Yesterday was Sonzee's
first day of the 2018-2019 school year. Since she does not wear a uniform
she of course was wearing an adorable "first day of school" outfit,
complete with a rhinestone centered hair bow. She took her first day of
school picture in front of the chalkboard wall in the playroom and when it came
time, she was escorted by an entourage into her classroom. Since she
attends school with her same at home nurses, I am
left with little to no anxiety about the process. We found her cubby, placed her items inside, explained to her teacher the stationary note I will
send to school daily to keep her updated on how things were after the previous
school day and the current morning before school, gave Sonzee a kiss, and off
we went.
I walked down Utah Dr
(which is the street in her building that her classroom is on) while I saw and
heard the sounds of a more "typical" drop off experience.

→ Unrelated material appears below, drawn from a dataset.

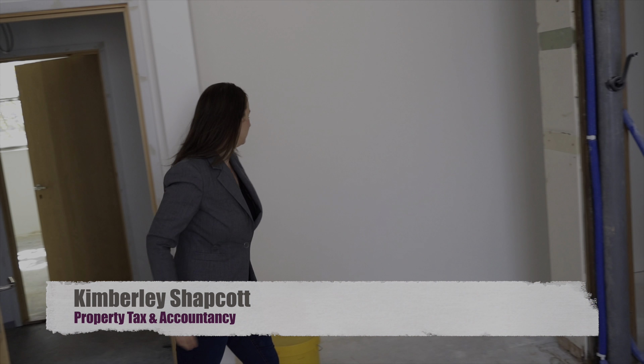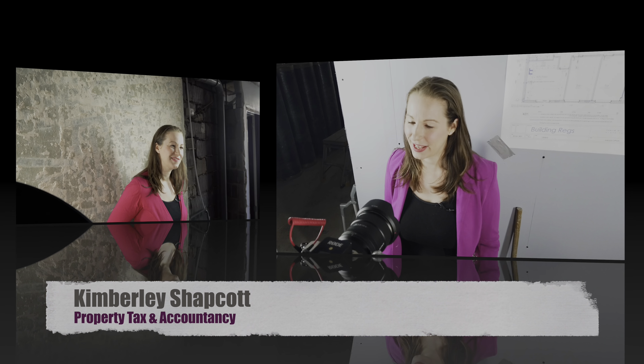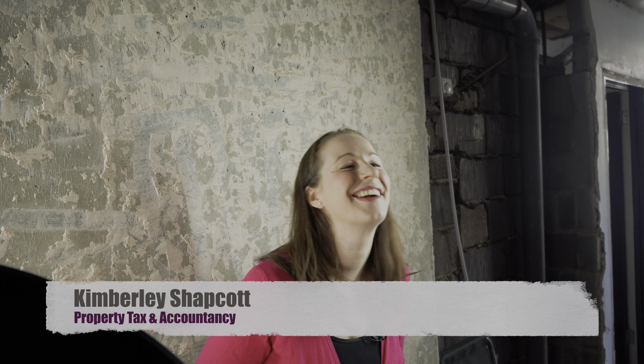Interest-only mortgages — can you claim your repayments on your tax return? Hi, I'm Kimberley Shapkot, qualified chartered accountant, property investor and entrepreneur. Let's sit down and have a chat.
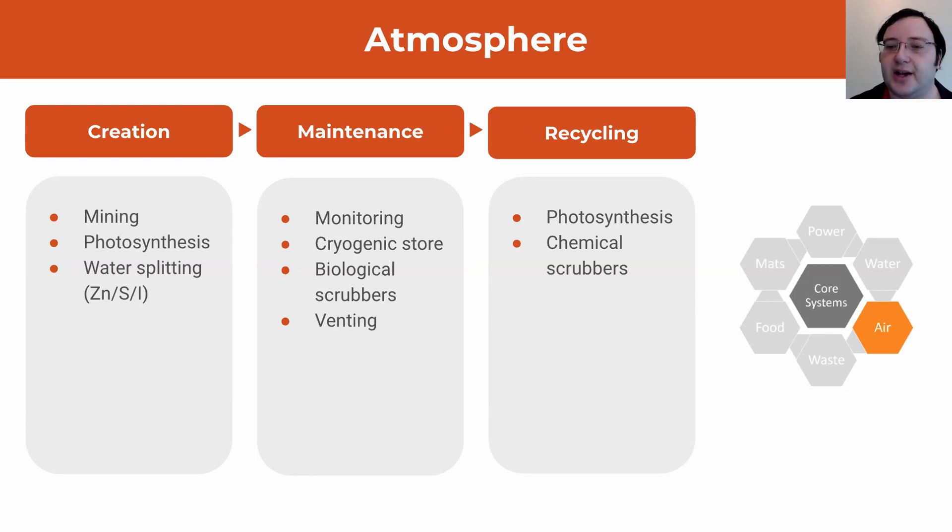Monitoring this atmosphere is absolutely crucial, specifically for over-pressure situations. Things like fires or leaks can very rapidly cause large amounts of pressure to build up inside what is essentially an airtight bubble. Automatic venting is absolutely essential. We use a cryogenic store to match pressure and ensure the various amounts of gases are correct. We use biological scrubbers to get rid of volatile organic compounds, and we recycle carbon dioxide both through photosynthesis and through chemical scrubbers, sending it off to industry.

Children sad to see their family members leaving, parents quickly running out
in hopes that it would make it easier for the distraction to begin so their
child would calm down, and me too preoccupied to give anything a second
thought, while trying to hurdle the other kids I had with me out of the
building so we could get to our next checklist item.
Due to every school day
this week being a half day, a mere 2 hours and 45 min later, with the entourage
in tow, we went excitedly to hear all about Sonzee's first day. Maybe it was
because of how wonderful things were last year during school, I did not
give any thought to the possibility that her day would or could go any other
way besides perfect for her. I honestly do not know why with all of
discomfort, cries, and pain she has been experiencing at home, I assumed that
being away from home and back in school would make her magically better. I do not know why I was taken off guard when her nurse told me how miserable
she was and how she wishes something would work for her because she cannot
spend her days like this. I know all of this. We have been living
it all summer. We have lived this so many times before.
Last night as I sat
thinking about Sonzee's first day of school I was brought back to a position of
frustration. Frustration that yet again, another first for
her has to be tainted. Frustration that another day for her was spent in pain and that we are failing her by having no answers or giving her
any relief. Frustration that this has become our normal. Frustration that whatever band aid we do provide will likely result in more pain in a
different way. There is not winning and no matter how much normalcy we attempt to
provide for her, it is nearly impossible for her to just experience a first.